The Annals of Thoracic Surgery

Volume 58, Issue 6, December 1994, Pages 1609-1613
The Annals of Thoracic Surgery

Original article
One-incision approach for insertion of implantable cardioverter defibrillators

https://doi.org/10.1016/0003-4975(94)91643-8Get rights and content

Abstract

The placement of a transvenous implantable cardioverter defibrillator (ICD) system through a single infraclavicular skin incision has been a surgical goal for years.
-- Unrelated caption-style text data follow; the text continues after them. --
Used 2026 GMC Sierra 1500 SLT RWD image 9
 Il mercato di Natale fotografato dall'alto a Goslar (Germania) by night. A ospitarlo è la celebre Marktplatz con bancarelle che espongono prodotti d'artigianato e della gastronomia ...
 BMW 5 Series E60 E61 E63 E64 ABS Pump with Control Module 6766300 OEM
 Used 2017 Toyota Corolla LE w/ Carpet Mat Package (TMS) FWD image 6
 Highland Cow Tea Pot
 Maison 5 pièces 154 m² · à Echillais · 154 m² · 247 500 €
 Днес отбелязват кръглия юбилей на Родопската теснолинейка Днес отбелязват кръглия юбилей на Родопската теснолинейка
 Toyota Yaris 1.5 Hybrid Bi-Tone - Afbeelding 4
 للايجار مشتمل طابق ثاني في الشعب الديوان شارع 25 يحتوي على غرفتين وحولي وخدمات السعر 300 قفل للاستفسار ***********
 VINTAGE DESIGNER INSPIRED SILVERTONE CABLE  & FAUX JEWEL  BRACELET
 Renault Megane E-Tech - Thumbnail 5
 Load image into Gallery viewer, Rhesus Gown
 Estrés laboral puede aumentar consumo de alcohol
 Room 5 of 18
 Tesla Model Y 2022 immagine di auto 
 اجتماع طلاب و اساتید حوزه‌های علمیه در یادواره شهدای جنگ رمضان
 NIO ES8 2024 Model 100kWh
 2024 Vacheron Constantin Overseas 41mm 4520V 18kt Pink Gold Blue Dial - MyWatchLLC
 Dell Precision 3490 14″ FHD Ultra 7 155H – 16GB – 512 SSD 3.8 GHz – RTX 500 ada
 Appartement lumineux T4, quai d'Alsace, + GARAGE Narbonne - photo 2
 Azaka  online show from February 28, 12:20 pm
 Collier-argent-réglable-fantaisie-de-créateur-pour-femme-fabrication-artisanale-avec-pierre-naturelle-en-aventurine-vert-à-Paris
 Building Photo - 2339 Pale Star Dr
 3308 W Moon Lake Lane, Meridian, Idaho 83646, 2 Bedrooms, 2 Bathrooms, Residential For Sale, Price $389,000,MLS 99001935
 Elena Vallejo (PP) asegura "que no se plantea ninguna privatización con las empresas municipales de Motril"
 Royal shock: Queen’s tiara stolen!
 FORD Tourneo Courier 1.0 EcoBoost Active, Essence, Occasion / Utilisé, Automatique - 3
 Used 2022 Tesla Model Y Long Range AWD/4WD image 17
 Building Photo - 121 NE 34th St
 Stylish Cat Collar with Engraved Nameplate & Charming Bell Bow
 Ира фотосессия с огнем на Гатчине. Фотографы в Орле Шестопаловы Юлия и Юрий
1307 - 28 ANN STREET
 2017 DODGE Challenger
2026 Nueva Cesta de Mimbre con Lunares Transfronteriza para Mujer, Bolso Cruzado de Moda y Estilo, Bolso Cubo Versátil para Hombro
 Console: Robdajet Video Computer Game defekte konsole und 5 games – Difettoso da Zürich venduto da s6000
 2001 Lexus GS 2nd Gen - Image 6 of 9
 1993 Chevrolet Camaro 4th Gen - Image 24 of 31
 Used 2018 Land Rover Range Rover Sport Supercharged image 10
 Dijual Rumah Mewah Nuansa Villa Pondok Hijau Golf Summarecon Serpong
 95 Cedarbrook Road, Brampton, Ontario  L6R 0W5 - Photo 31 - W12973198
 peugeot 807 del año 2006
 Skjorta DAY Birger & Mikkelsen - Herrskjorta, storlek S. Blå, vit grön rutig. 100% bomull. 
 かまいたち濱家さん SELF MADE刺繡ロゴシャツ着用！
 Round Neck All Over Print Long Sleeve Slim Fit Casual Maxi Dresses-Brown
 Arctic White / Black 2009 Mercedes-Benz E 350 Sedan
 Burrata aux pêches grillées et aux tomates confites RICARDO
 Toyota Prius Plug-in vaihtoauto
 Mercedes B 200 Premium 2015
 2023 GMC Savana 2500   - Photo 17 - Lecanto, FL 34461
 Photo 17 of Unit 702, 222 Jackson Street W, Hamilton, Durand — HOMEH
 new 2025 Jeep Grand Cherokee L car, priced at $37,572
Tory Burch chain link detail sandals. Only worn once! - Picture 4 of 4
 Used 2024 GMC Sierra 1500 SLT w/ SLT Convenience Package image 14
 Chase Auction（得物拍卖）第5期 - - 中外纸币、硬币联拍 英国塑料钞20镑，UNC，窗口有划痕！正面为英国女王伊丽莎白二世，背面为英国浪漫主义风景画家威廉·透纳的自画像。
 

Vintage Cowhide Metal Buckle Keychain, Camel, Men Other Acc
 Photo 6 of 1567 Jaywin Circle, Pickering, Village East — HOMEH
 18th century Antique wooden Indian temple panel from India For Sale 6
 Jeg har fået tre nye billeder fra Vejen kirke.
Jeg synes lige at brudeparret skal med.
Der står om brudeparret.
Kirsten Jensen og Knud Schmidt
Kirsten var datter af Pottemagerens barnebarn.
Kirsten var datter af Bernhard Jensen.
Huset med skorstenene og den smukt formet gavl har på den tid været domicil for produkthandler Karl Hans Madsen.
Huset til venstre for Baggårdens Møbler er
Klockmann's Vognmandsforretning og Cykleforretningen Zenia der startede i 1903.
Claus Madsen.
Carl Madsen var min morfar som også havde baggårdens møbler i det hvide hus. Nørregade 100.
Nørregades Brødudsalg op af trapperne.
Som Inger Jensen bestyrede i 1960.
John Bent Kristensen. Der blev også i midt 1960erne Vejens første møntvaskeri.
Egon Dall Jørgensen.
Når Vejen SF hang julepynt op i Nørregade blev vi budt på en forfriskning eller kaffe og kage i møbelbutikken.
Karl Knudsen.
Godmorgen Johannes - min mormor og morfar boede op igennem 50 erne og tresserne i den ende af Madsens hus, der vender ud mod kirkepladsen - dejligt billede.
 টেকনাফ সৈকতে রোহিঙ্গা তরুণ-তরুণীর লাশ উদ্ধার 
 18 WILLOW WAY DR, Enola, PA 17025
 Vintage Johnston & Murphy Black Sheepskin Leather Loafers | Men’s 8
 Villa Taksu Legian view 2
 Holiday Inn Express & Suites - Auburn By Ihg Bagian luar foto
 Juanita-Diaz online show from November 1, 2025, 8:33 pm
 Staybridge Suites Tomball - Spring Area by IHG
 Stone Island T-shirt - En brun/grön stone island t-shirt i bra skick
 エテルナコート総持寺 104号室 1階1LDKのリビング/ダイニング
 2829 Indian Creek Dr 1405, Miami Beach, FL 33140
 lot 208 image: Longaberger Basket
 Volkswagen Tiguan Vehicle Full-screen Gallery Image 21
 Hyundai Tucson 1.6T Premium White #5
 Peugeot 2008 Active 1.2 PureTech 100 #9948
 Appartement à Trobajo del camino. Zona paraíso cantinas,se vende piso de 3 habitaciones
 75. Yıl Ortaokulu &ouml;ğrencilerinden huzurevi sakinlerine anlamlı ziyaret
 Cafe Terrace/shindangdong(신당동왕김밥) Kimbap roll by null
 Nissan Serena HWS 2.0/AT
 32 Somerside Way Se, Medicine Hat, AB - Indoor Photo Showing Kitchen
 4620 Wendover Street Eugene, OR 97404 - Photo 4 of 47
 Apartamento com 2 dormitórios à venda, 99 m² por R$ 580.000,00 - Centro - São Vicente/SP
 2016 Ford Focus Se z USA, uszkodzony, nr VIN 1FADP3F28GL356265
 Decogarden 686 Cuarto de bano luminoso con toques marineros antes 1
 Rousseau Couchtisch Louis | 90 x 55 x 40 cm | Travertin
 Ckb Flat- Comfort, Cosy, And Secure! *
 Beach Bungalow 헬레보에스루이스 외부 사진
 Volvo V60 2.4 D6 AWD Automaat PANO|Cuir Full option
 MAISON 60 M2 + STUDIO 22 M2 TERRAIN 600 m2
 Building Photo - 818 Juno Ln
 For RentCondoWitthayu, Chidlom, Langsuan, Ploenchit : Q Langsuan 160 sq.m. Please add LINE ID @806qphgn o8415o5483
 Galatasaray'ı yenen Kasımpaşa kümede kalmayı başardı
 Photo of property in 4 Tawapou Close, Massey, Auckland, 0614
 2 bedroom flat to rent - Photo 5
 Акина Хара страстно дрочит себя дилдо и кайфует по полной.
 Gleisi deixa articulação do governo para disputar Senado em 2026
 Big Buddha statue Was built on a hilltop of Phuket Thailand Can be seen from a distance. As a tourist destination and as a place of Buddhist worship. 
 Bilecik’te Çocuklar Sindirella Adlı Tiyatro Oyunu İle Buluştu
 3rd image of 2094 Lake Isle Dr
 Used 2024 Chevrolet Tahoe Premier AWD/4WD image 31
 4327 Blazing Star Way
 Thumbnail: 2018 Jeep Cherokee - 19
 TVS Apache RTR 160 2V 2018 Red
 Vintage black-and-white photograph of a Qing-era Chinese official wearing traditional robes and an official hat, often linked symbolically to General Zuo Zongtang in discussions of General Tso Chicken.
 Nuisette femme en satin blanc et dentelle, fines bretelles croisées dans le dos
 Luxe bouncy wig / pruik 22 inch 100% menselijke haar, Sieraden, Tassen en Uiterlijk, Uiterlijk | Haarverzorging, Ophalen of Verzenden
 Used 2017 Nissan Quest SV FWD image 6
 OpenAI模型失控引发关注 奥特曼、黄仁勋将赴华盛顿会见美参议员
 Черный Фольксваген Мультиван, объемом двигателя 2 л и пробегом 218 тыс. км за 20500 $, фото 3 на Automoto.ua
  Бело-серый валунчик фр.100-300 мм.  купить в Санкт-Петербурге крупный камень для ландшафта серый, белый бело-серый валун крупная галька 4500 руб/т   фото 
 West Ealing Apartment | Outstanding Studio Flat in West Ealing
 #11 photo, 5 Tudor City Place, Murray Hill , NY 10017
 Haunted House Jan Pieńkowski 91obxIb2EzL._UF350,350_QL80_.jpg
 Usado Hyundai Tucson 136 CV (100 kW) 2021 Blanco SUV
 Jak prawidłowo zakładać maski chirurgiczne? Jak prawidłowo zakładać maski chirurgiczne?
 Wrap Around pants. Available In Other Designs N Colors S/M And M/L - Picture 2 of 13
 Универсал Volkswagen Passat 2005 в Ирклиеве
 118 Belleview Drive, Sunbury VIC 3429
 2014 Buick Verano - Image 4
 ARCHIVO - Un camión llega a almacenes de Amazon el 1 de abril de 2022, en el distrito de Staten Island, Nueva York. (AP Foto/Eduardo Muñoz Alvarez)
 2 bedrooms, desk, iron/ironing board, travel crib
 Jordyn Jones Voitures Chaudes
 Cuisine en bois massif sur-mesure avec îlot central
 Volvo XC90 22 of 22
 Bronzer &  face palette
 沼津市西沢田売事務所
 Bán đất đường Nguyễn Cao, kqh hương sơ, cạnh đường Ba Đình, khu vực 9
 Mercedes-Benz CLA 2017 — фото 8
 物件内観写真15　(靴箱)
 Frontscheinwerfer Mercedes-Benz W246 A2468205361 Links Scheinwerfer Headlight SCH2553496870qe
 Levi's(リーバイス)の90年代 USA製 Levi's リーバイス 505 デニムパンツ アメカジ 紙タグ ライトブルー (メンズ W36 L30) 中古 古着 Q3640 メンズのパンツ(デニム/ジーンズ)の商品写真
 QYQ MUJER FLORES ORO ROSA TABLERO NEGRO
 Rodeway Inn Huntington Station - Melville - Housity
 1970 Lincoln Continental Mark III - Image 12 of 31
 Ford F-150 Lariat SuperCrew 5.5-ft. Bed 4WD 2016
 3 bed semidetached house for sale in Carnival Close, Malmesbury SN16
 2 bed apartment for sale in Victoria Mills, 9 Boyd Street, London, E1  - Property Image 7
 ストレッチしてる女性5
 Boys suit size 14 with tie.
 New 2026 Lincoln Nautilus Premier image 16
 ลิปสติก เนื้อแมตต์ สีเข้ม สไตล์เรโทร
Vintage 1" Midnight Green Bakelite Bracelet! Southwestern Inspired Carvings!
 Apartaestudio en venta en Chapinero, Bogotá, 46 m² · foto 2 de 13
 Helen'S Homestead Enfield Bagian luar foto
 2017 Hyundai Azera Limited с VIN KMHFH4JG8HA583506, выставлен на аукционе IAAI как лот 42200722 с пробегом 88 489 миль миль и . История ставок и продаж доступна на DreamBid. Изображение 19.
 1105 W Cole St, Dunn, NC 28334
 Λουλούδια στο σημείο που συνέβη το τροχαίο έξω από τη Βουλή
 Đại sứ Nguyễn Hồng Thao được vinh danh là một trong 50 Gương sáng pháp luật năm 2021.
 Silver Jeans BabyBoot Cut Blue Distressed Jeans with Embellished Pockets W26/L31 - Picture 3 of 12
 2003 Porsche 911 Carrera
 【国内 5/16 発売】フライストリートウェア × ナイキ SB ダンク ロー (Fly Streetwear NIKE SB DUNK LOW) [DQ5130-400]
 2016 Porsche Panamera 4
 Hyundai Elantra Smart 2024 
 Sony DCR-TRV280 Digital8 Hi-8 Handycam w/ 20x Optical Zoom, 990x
The development of a new investigational model of ICD with substantially reduced dimensions (volume, 83 cm3; mass, 132 g) has made the one-incision approach a clinical reality. Between March and September 1993, 4 female and 19 male patients (mean age, 60 ± 9.6 years; range, 46 to 73 years) underwent implantation of this device for the treatment of ventricular fibrillation (n = 14) or ventricular tachycardia (n = 9). One transvenous lead was placed in the right ventricular apex and another in the left subclavian vein. A subpectoral pocket was formed in the infraclavicular area from the same incision to house the ICD generator and, if necessary, the subcutaneous patch. The mean operation time (81.5 ± 32.7 minutes; range, 54 to 195 minutes) was significantly shorter than that noted for a previous series made up of patients undergoing traditional transvenous ICD implantations. In 20 patients (87%), endovenous defibrillation without a subcutaneous patch successfully caused externally induced ventricular fibrillation to revert with a mean minimum energy output of 21.9 ± 3.5 J (range, 12 to 24 J). Endovenous defibrillation was more successful when biphasic (n = 16/17 [94%]) shocks rather than monophasic shocks (n = 4/6 [67%]) were used. No mortality, morbidity, or surgical complications were observed. These results indicate that the one-incision approach and the small size of the ICD generator can substantially facilitate ICD implantation and result in a reduction in the surgical trauma, the operation time, and the amount of material implanted.